About, so why didn't you think Donald Trump didn't want to do this interview? Good, tough questions in 60 Minutes. Really tough question there.
GLENN: Oh, my gosh. Oh.
STU: There were a couple of questions that were adversarial, I guess you could say.
There was the typical, hey. You flip-flopped on 943 issues.
Let me list three of them. And let me give you a generic answer about your principles. That hasn't changed.
GLENN: So let me play one. This is cut three. This is her being pressed on her nomination. Listen to this.
VOICE: Was democracy best served by President Biden stepping down.
And basically handing you a nomination. He must have to go through a primary process. He didn't have to fight off other contenders.

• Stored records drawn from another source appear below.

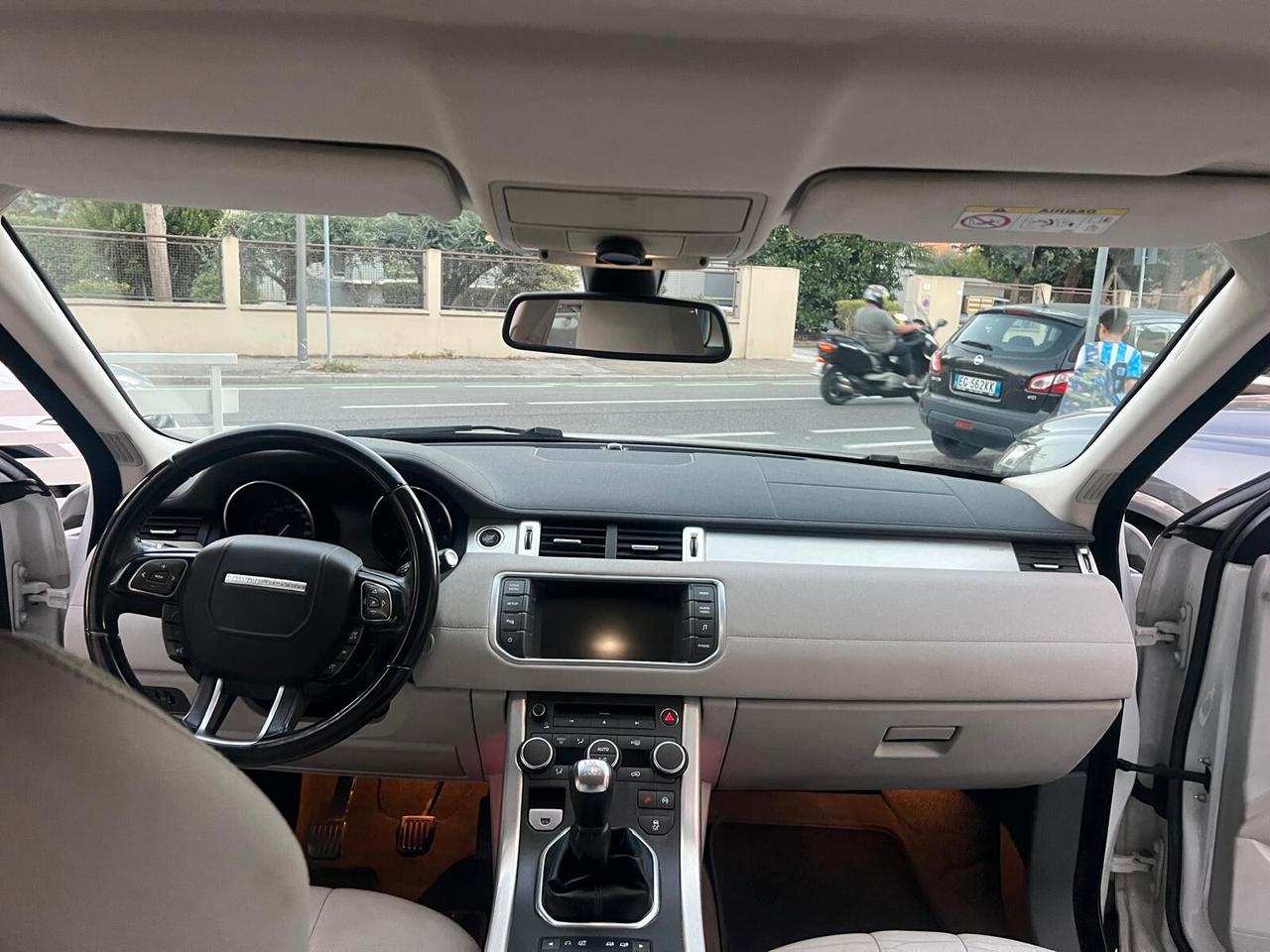 RANGE ROVER EVOQUE 2.2 TD4 5p. PRESTIGE UNIPROP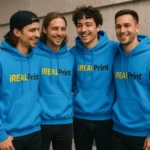 Grup de bărbați purtând hanorace personalizate albastru sapphire cu logo iRealPrint pentru identitate vizuală puternică și branding modern de echipă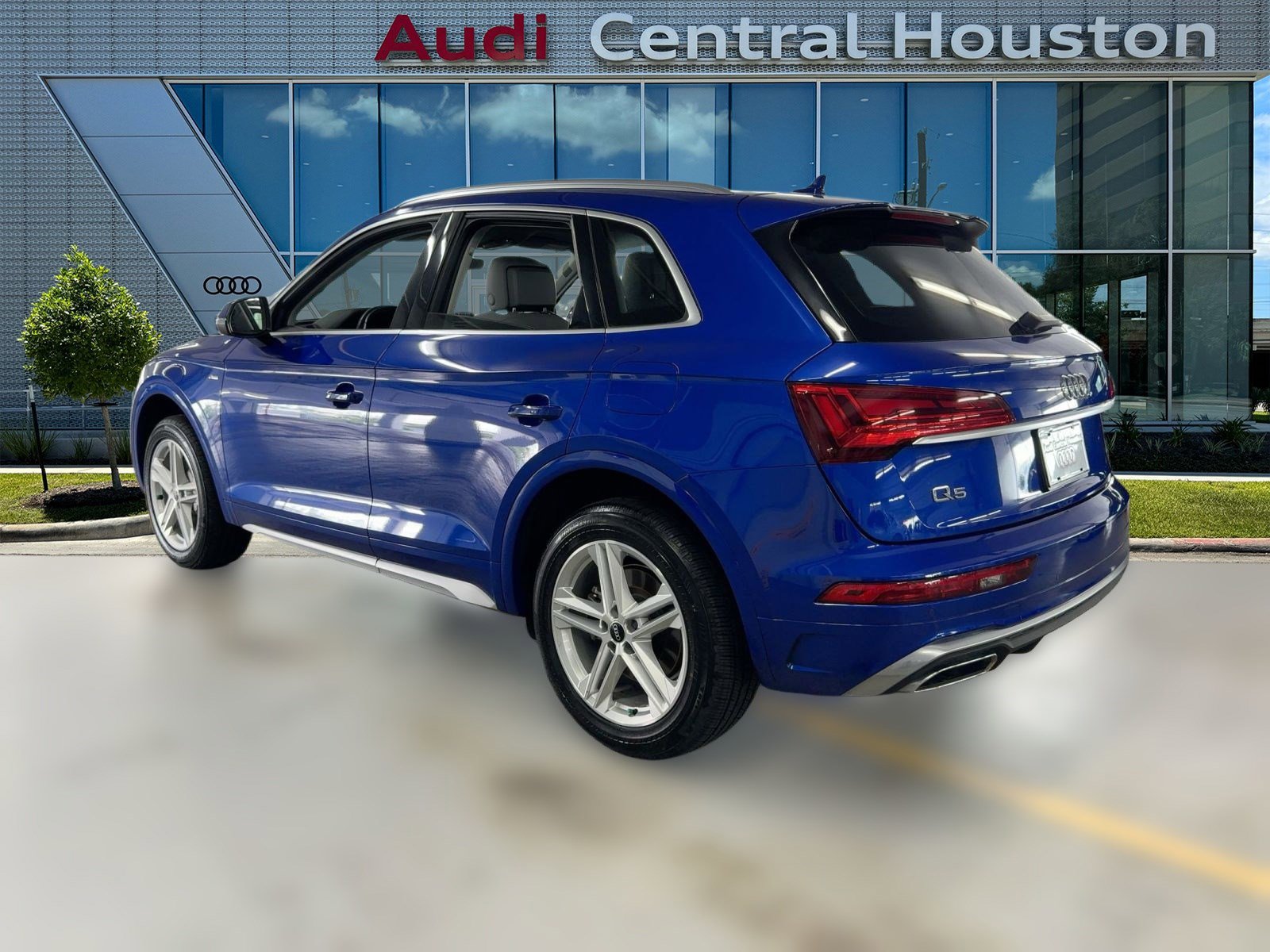 2022 Audi Q5 S line Premium Plus photo 3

That's not really the way our system was intended to work.
KAMALA: President Biden made a instigation, that I think history is going to show is rare among leaders, which was to put country before self.
STU: Stop it. He didn't want to do it.
KAMALA: And I am proud to have earned the support of the vast majority of delegates. And to have been elected the democratic nominee.
I am proud to have received the endorsement, of leaders around this country, from every background and walk of life.
STU: Nobody voted for you.
KAMALA: To fight in this election, over the next month.
GLENN: Please say there's a follow-up --
KAMALA: For our democracy.
VOICE: But I think this truncated process is why people think or say, they don't really know who you are.
KAMALA: Look, I've been in this race for 70 days.
GLENN: Right. Right. Yes. And nobody voted for you.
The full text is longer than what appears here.